After he arrived at Notre Dame last spring, it didn’t take long for Robinson, son of former NBA great David Robinson, to establish himself as one of the most sure-handed receivers on the roster. Factor in his 6-foot-5 frame, and Robinson caught everything in his area code.
He found a place on last year’s offense, totaling nine catches for 157 yards and one touchdown. Once he’s in game situations, though, his ability to catch every ball in his radius dropped significantly.
According to statistics compiled by SBNation, Robinson caught 56.3 percent of passes that came his way in 2013. Compare that to graduated receiver T.J. Jones, who caught a team-high 64.5 percent. Robinson had the length and mobility to play at the collegiate level, but he lacked the strength.
“I’m not the strongest.

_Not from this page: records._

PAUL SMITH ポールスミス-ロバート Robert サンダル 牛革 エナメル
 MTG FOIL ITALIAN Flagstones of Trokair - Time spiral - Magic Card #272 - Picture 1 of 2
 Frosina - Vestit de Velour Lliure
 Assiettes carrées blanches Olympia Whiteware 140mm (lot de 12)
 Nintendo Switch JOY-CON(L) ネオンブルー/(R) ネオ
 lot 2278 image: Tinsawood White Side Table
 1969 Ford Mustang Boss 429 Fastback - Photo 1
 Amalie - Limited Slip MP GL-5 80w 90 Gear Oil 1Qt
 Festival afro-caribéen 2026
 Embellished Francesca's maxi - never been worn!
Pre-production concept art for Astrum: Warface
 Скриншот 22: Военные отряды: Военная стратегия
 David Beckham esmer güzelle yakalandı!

I need to keep getting stronger,” he said Saturday.
Now sporting a haircut inspired by Italian soccer star Mario Balotelli and an additional 25 pounds of muscle, Robinson is preparing for a bigger role on the offense.
“He's a sponge,” said head coach Brian Kelly. “He's taking it in. Releases, top-ended routes, how to set up a defender, not making the same release versus man twice. Mixing it up, just learning the nuances of the position. And so his development in year two is not just using his size and now really becoming a student of the game.”
Still, the development takes time, as Robinson will be the first to admit. After a full week of practice, he offered an honest self-assessment.
“I think I’ve been playing well, but other days,” his voice trickled off. “Not so much.”
“Don’t tell coach I said that,” he quickly added, laughing.
Since the defense has adopted new coordinator Brian VanGorder’s more aggressive style of play, Robinson and the other receivers have taken their share of lumps during the first days of contact play. It’s part of why Robinson dropped two passes at practice for the first time in recent memory.
“These cornerbacks are so good and this defense isn’t a walk in the park,” he said. “It’s definitely challenging. I think I’ve grown mentally in understanding the game as a concept rather than, ’What is my route? What am I doing?’ It’s more, ’What are we doing as an offense?’ In that respect, I think I’ve grown a lot.”
With the departure of T.J. Jones and Troy Niklas to the NFL, receivers such as Robinson and classmate Will Fuller are primed to be Notre Dame’s next big weapons.
Before Notre Dame kicks off against Rice on Aug. 30, Robinson still has some fine-tuning to do. His top priority is consistency.
“Making the big play every time, whether it be in the red zone, on the field, on a go route for 40 yards or a small, two-yard under option,” he said. “I think I need to be consistent in my route running, consistent in my catching.”